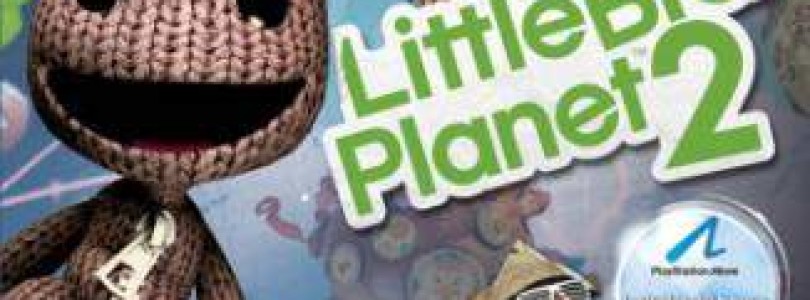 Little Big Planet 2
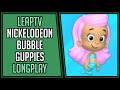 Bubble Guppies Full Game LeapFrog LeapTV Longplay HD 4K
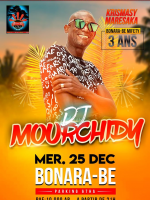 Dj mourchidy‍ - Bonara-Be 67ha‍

-=-=-=-=-

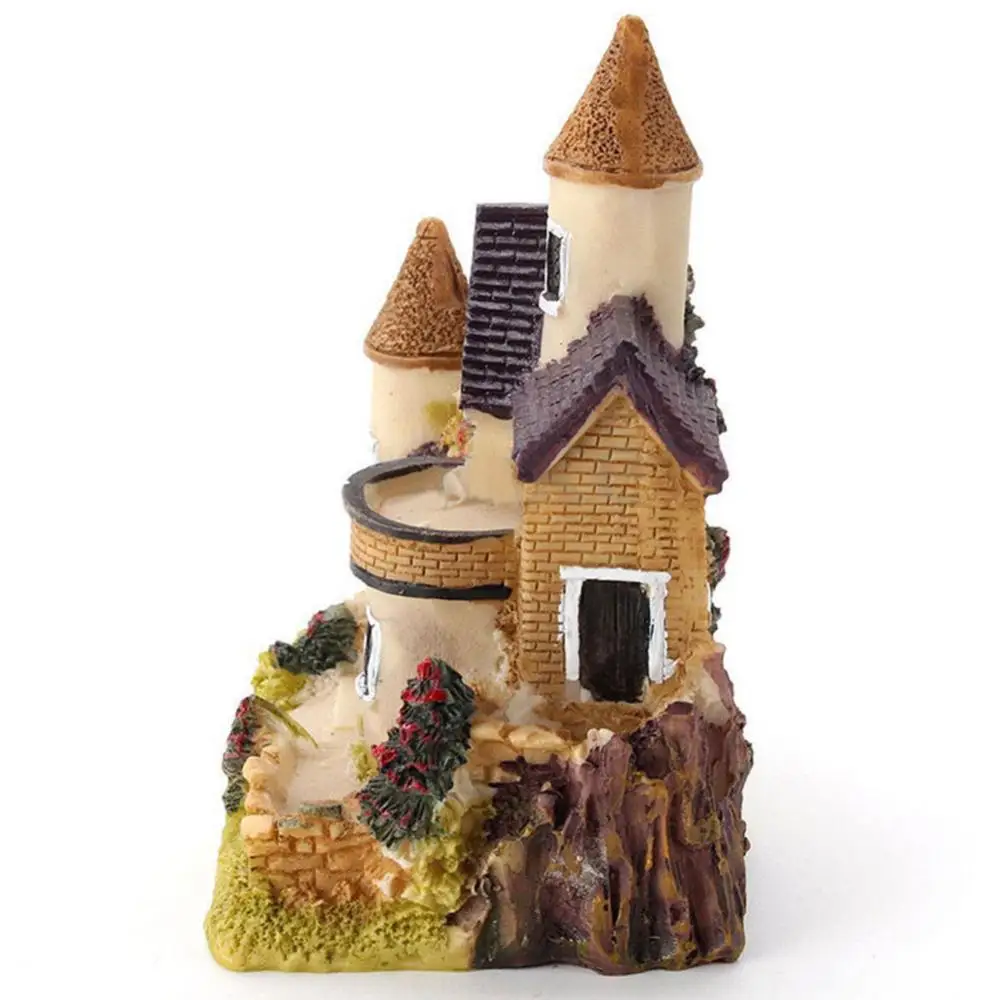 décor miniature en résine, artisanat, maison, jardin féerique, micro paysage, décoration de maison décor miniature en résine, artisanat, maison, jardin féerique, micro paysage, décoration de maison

-=-=-=-=-

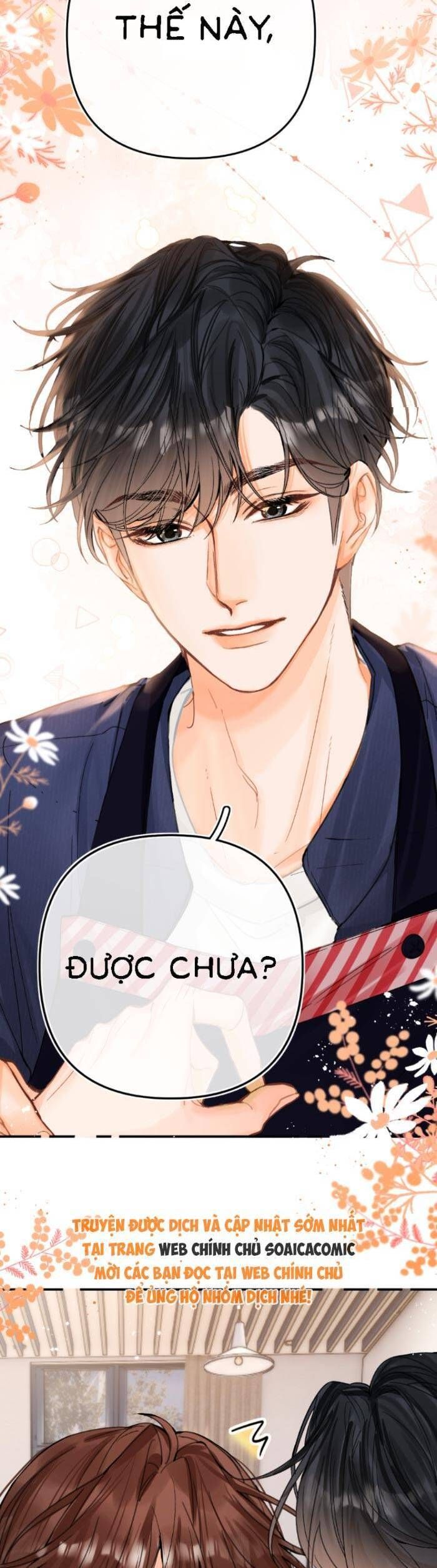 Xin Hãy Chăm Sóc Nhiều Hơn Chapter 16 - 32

-=-=-=-=-

*ASSIGNMENT*: Now transcribe the lines above exactly, starting at the line containing "Little Big Planet 2" and ending at the line containing "Dj mourchidy‍ - Bonara-Be 67ha‍", both lines included, pictures excluded.

*OUTPUT FOR THIS TASK*:
 Little Big Planet 2
 Bubble Guppies Full Game LeapFrog LeapTV Longplay HD 4K
 Dj mourchidy‍ - Bonara-Be 67ha‍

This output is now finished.